(EXTRACTED DATA)

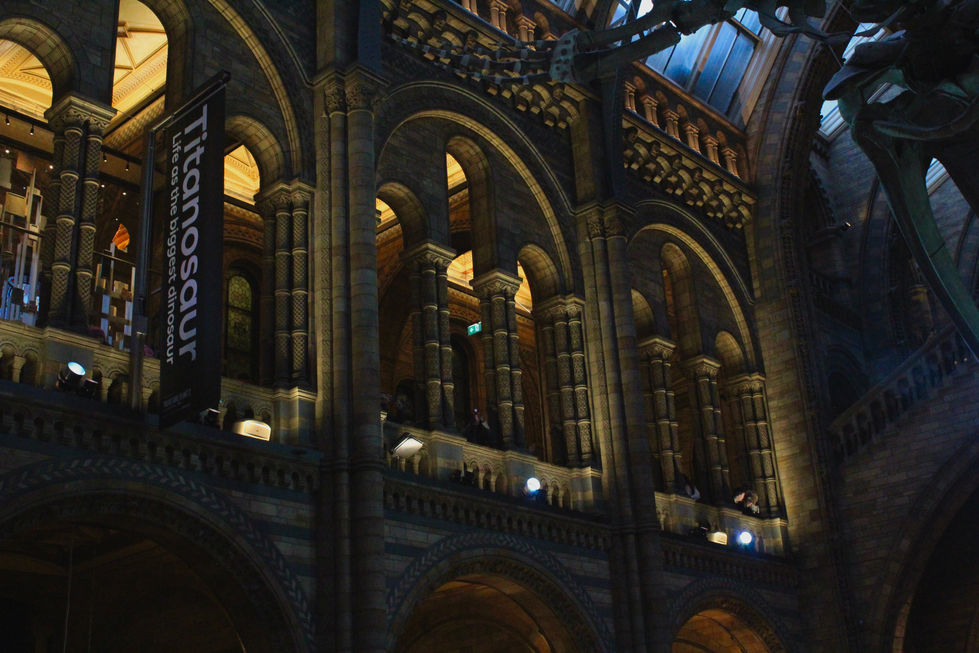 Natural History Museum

(End EXTRACTED DATA)
(EXTRACTED DATA)

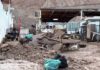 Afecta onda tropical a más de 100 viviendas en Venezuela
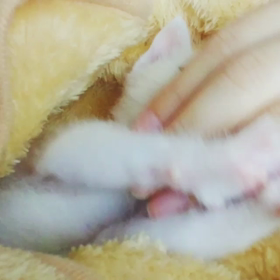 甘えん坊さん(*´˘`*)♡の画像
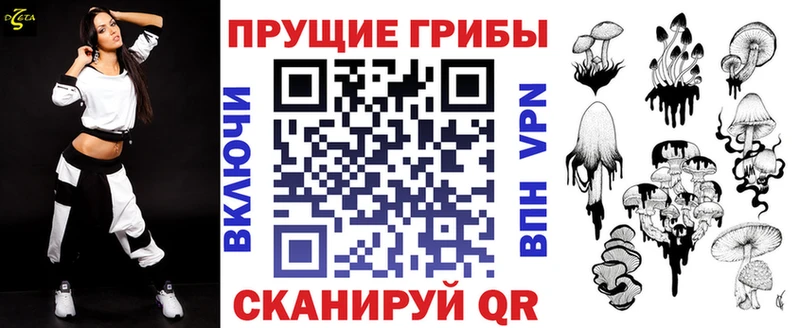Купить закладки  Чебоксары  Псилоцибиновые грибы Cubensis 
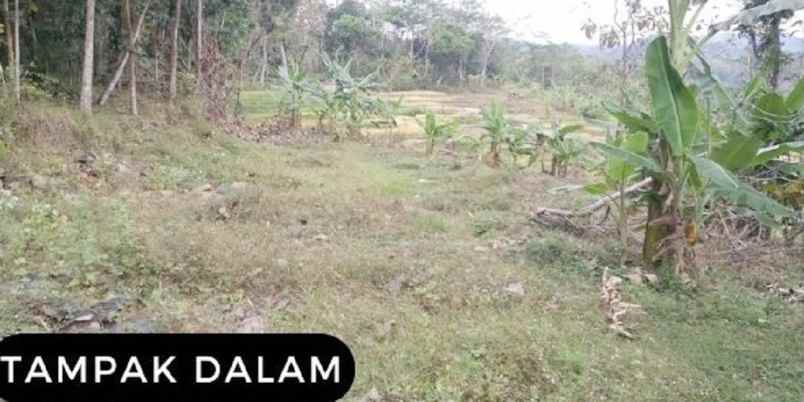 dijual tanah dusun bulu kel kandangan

(End EXTRACTED DATA)
(EXTRACTED DATA)

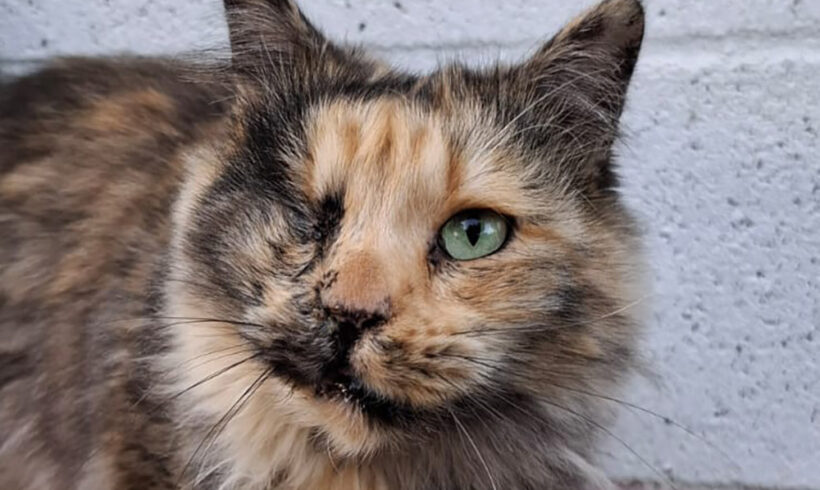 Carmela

(End EXTRACTED DATA)

When you reach the line that has "Псилоцибиновые грибы Cubensis" in the data above, start repeating lines exactly, and stop after the line that has "dijual tanah dusun bulu kel kandangan"; pictures stay out.

■ SOLVED EXERCISE
Купить закладки  Чебоксары  Псилоцибиновые грибы Cubensis 
 dijual tanah dusun bulu kel kandangan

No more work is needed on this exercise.